* PROBLEM
Nothing but the lines from the one with "Trust In The" through the end of the records may appear in the answer, each reproduced exactly, pictures omitted.
-- Opening Marker --
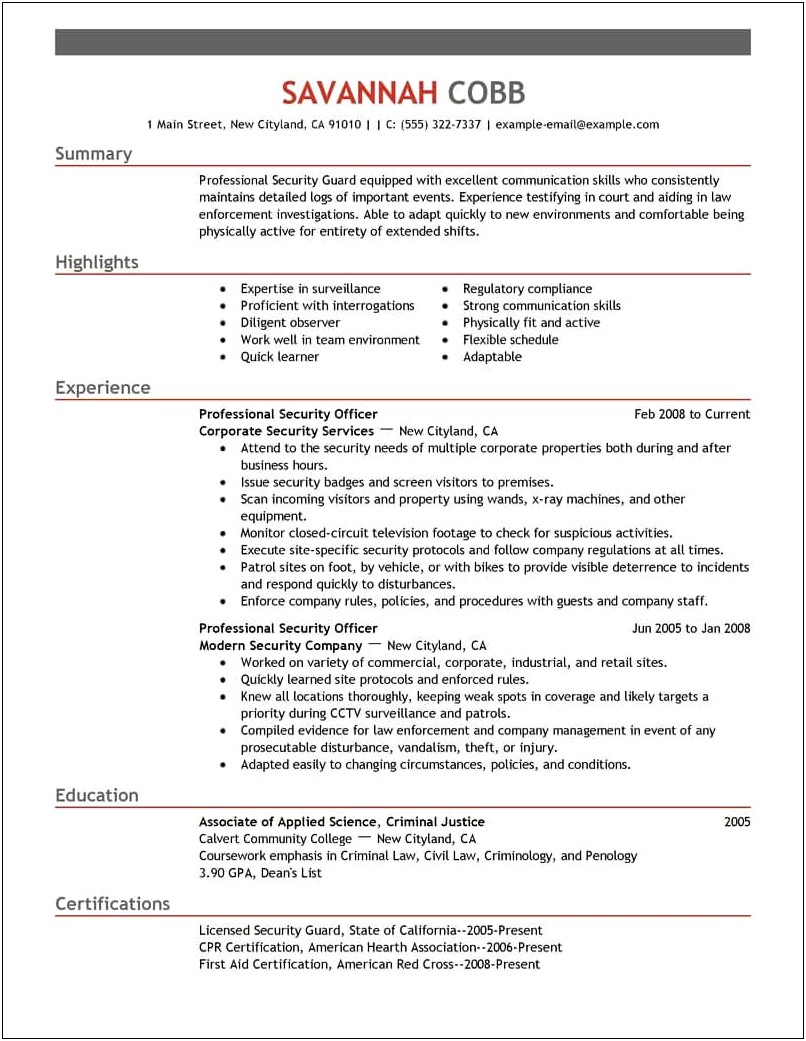 Skills And Abilities For Security Resume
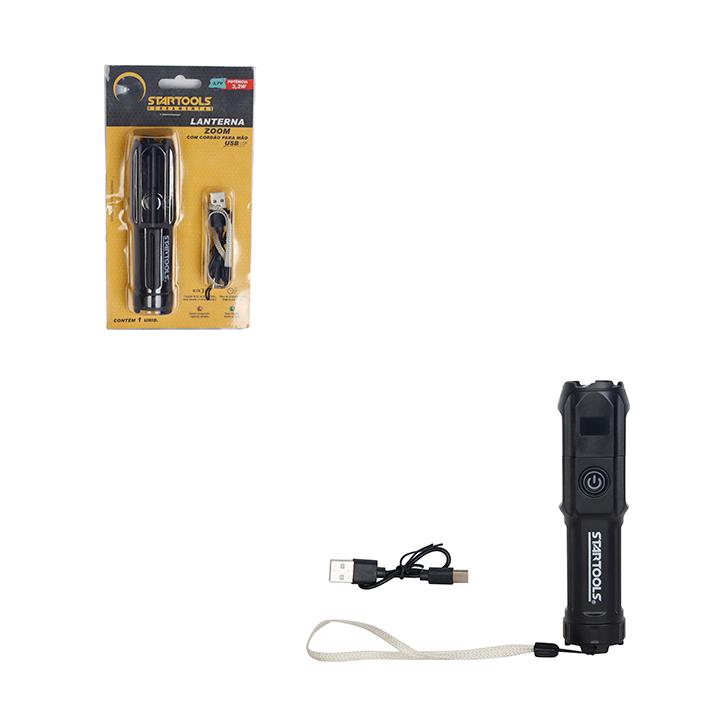 SR1063 - LANTERNA ZOOM COM CABO USB 3,7V~ 3W CX48 - 2X24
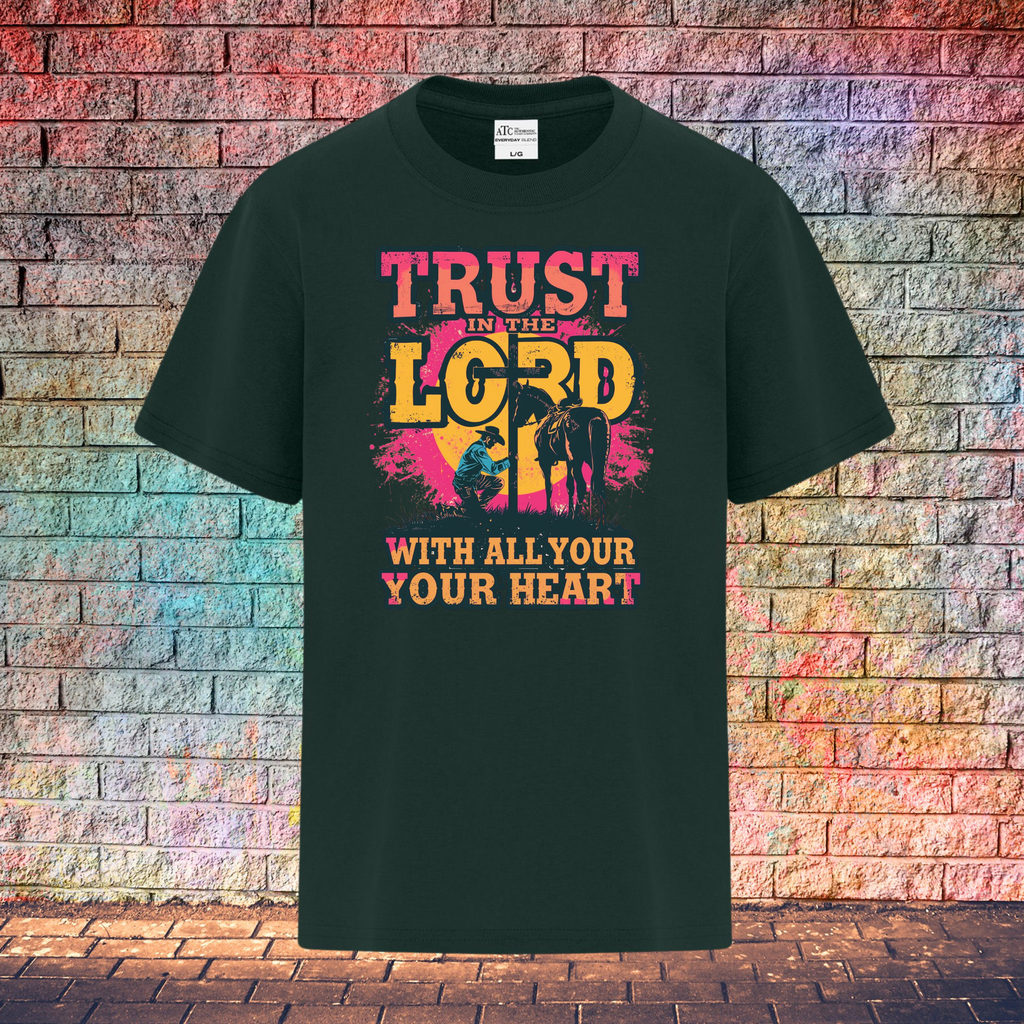 Trust In The Lord With All Your Heart / Pink and Yellow - Youth T-Shirt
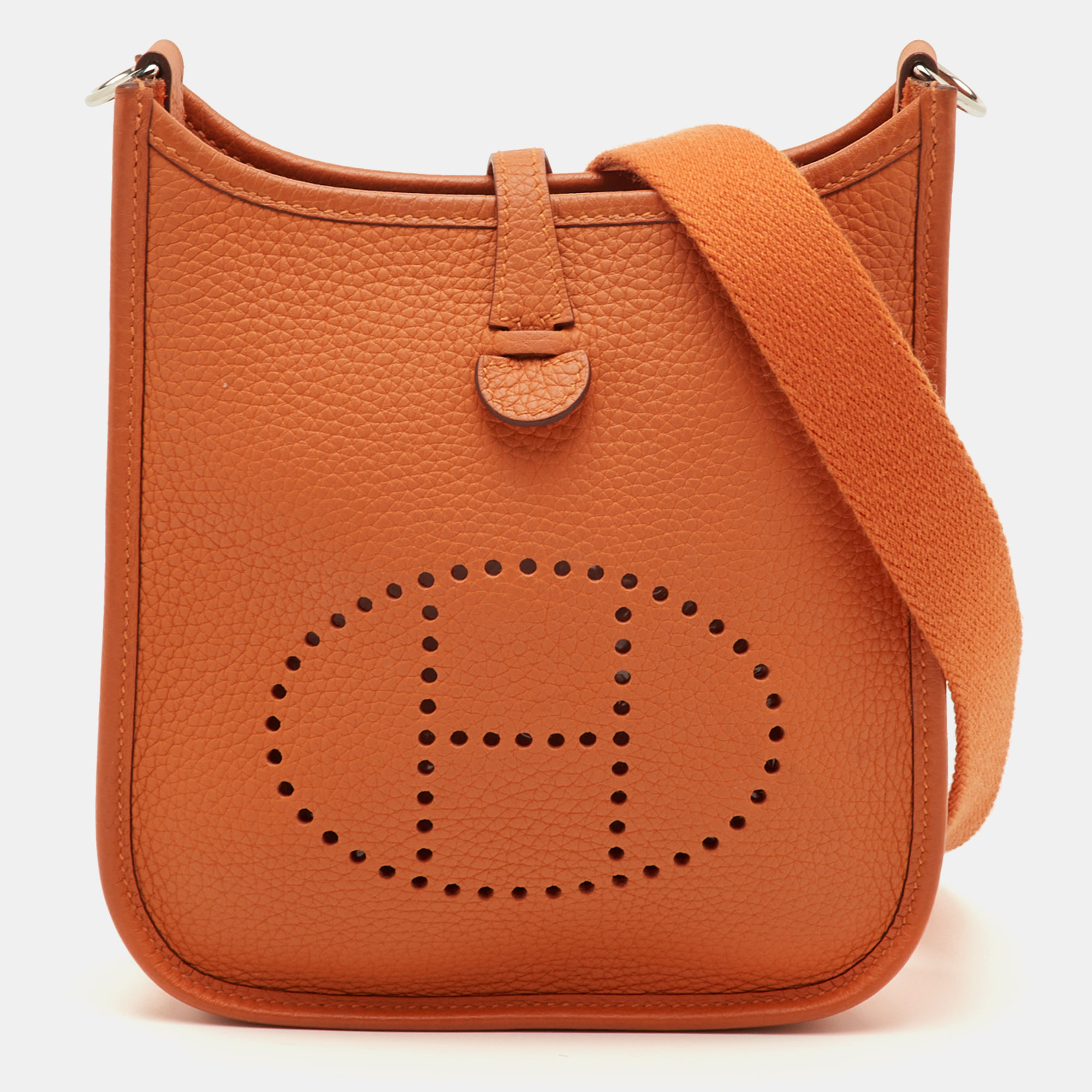 

Hermes Evelyne Amazone TPM 16 Mango Taurillon Clemence Leather Crossbody Bag, Orange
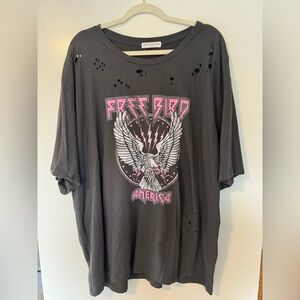 Eighty Eight Black Tee with Pink Eagle Graphic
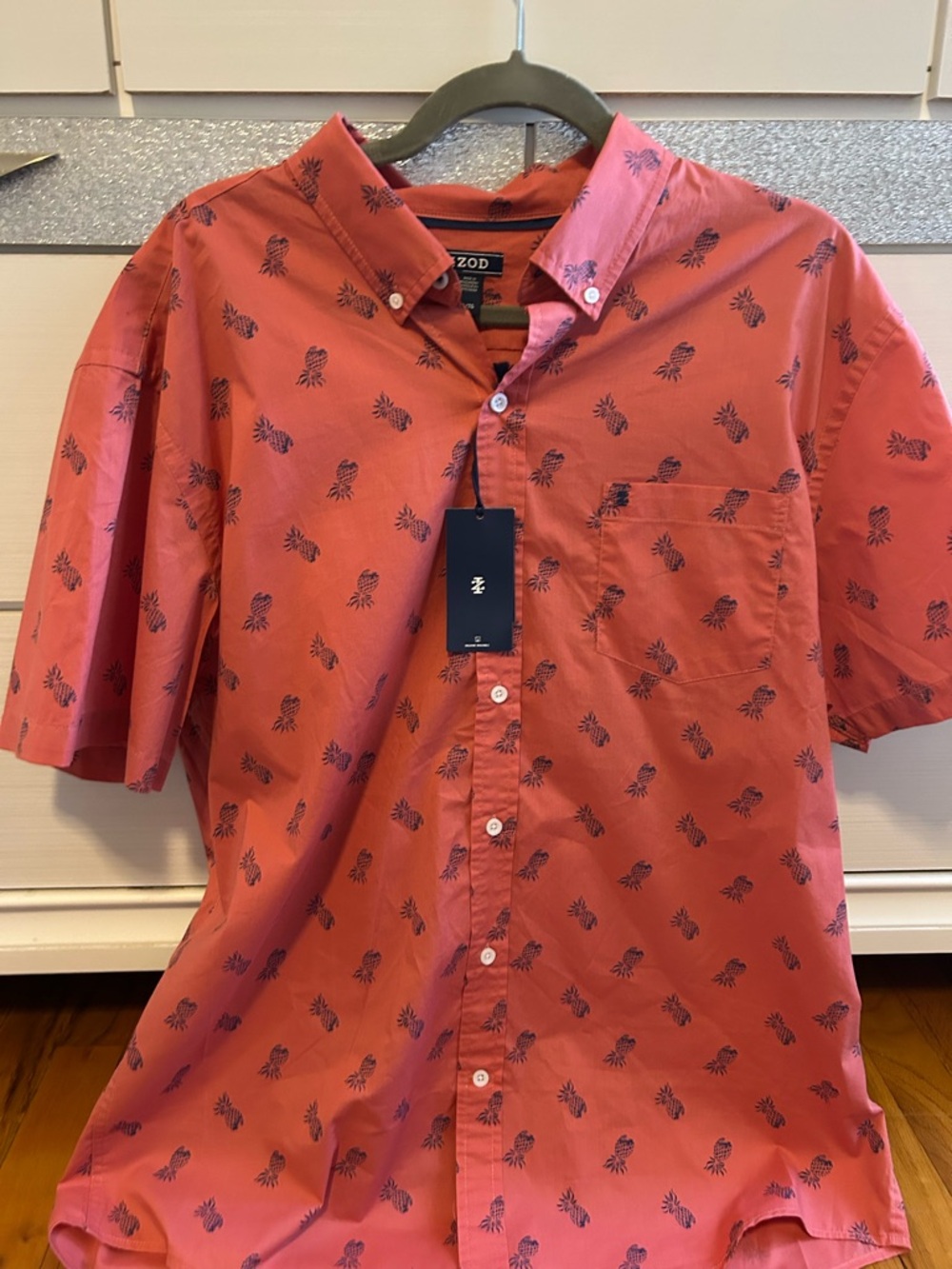 Izod Coral Short-Sleeve Button-Down Shirt with Navy Pineapple Print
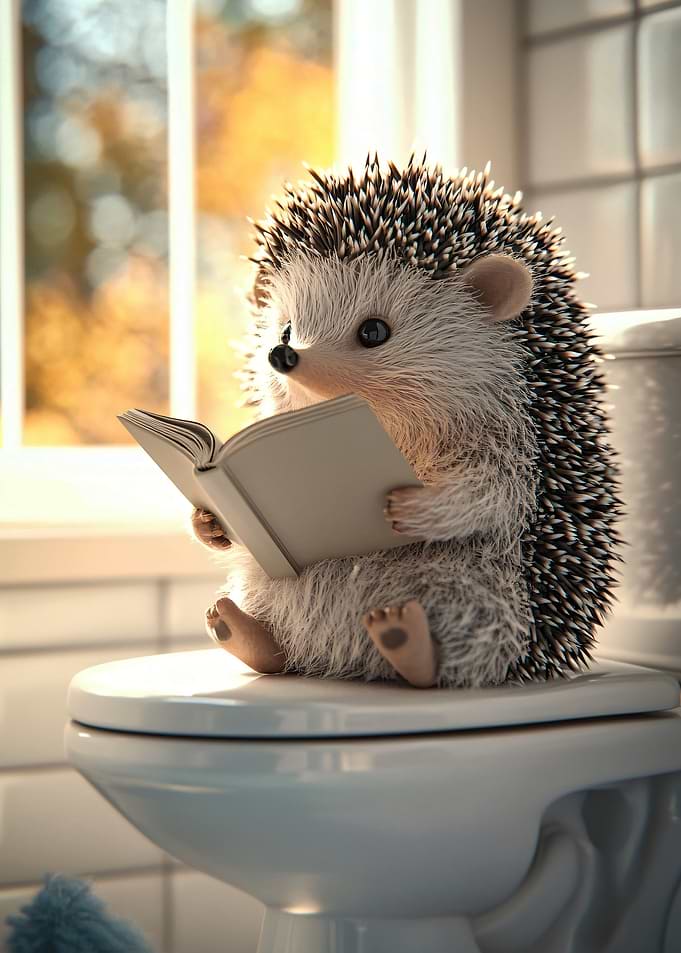 Hedgehog Reading a Book on Toilet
-- Closing Marker --
* ANSWER FOR THIS EXERCISE
 Trust In The Lord With All Your Heart / Pink and Yellow - Youth T-Shirt

Hermes Evelyne Amazone TPM 16 Mango Taurillon Clemence Leather Crossbody Bag, Orange
 Eighty Eight Black Tee with Pink Eagle Graphic
 Izod Coral Short-Sleeve Button-Down Shirt with Navy Pineapple Print
 Hedgehog Reading a Book on Toilet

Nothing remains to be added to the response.